On May 9, 2006, at 2:16 AM, Hannes Dorbath wrote:
Hi,
I've just had some discussion with colleagues regarding the usage
of hardware or software raid 1/10 for our linux based database
servers.
I myself can't see much reason to spend $500 on high end controller
cards for a simple Raid 1.
Any arguments pro or contra would be desirable.
From my experience and what I've read here:
+ Hardware Raids might be a bit easier to manage, if you never
spend a few hours to learn Software Raid Tools.
+ There are situations in which Software Raids are faster, as CPU
power has advanced dramatically in the last years and even high end
controller cards cannot keep up with that.
+ Using SATA drives is always a bit of risk, as some drives are
lying about whether they are caching or not.
Don't buy those drives. That's unrelated to whether you use hardware
or software RAID.
+ Using hardware controllers, the array becomes locked to a
particular vendor. You can't switch controller vendors as the array
meta information is stored proprietary. In case the Raid is broken
to a level the controller can't recover automatically this might
complicate manual recovery by specialists.
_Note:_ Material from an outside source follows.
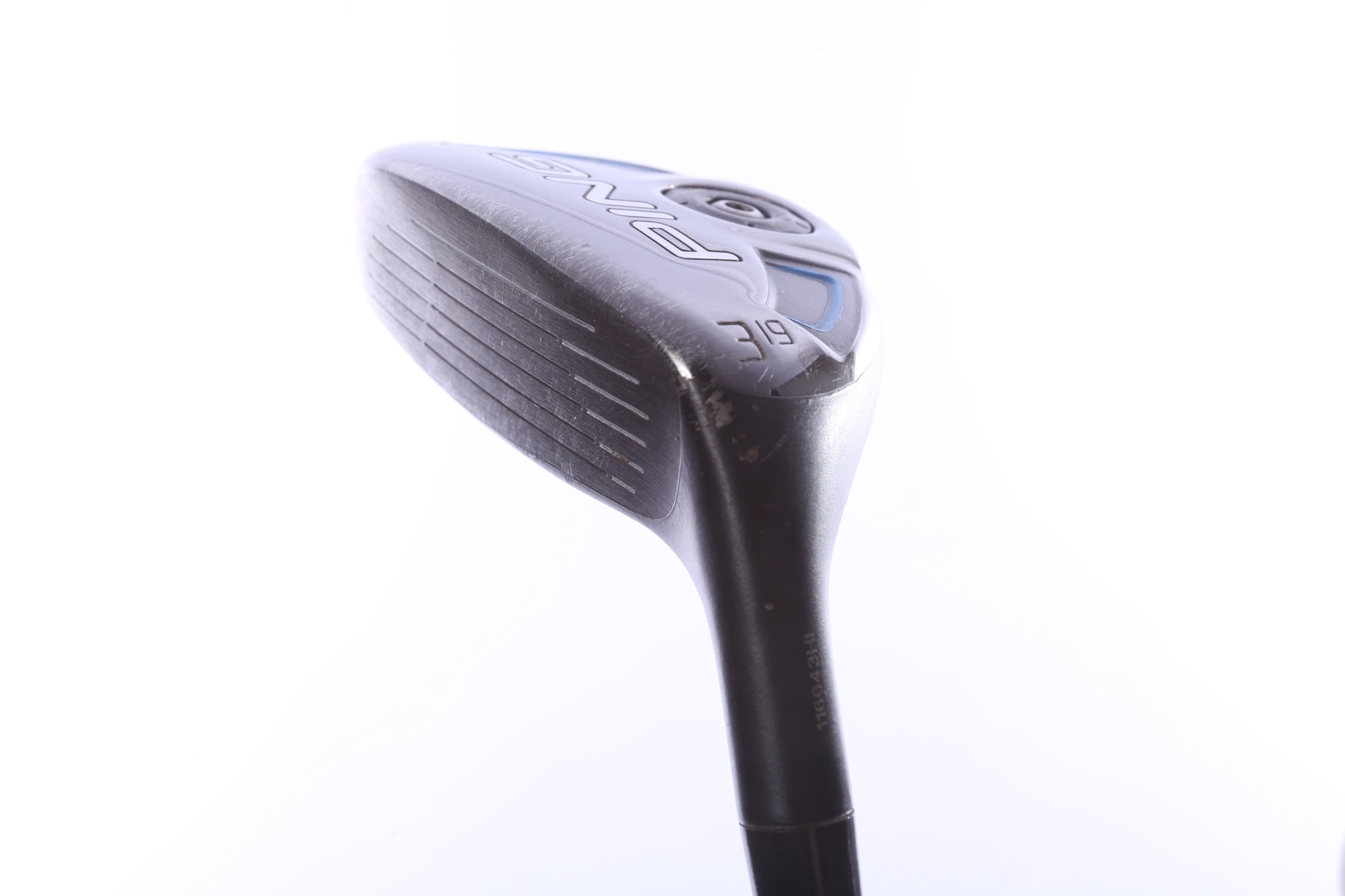 Used Ping G 3H Hybrid - Left-Handed - 19 Degrees - Stiff Flex-Next Round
Yes. Fortunately we're using the RAID for database work, rather than
file
storage, so we can use all the nice postgresql features for backing up
and replicating the data elsewhere, which avoids most of this issue.
+ Even battery backed controllers can't guarantee that data written
to the drives is consistent after a power outage, neither that the
drive does not corrupt something during the involuntary shutdown /
power irregularities. (This is theoretical as any server will be
UPS backed)
fsync of WAL log.
If you have a battery backed writeback cache then you can get the
reliability
of fsyncing the WAL for every transaction, and the performance of not
needing
to hit the disk for every transaction.
Also, if you're not doing that you'll need to dedicate a pair of
spindles to the
WAL log if you want to get good performance, so that there'll be no
seeking
on the WAL. With a writeback cache you can put the WAL on the same
spindles
as the database and not lose much, if anything, in the way of
performance.
If that saves you the cost of two additional spindles, and the space
on your
drive shelf for them, you've just paid for a reasonably proced RAID
controller.
Given those advantages... I can't imagine speccing a large system
that didn't
have a battery-backed write-back cache in it. My dev systems mostly use
software RAID, if they use RAID at all. But my production boxes all
use SATA
RAID (and I tell my customers to use controllers with BB cache,
whether it
be SCSI or SATA).
My usual workloads are write-heavy. If yours are read-heavy that will
move the sweet spot around significantly, and I can easily imagine that
for a read-heavy load software RAID might be a much better match.
Cheers,
Steve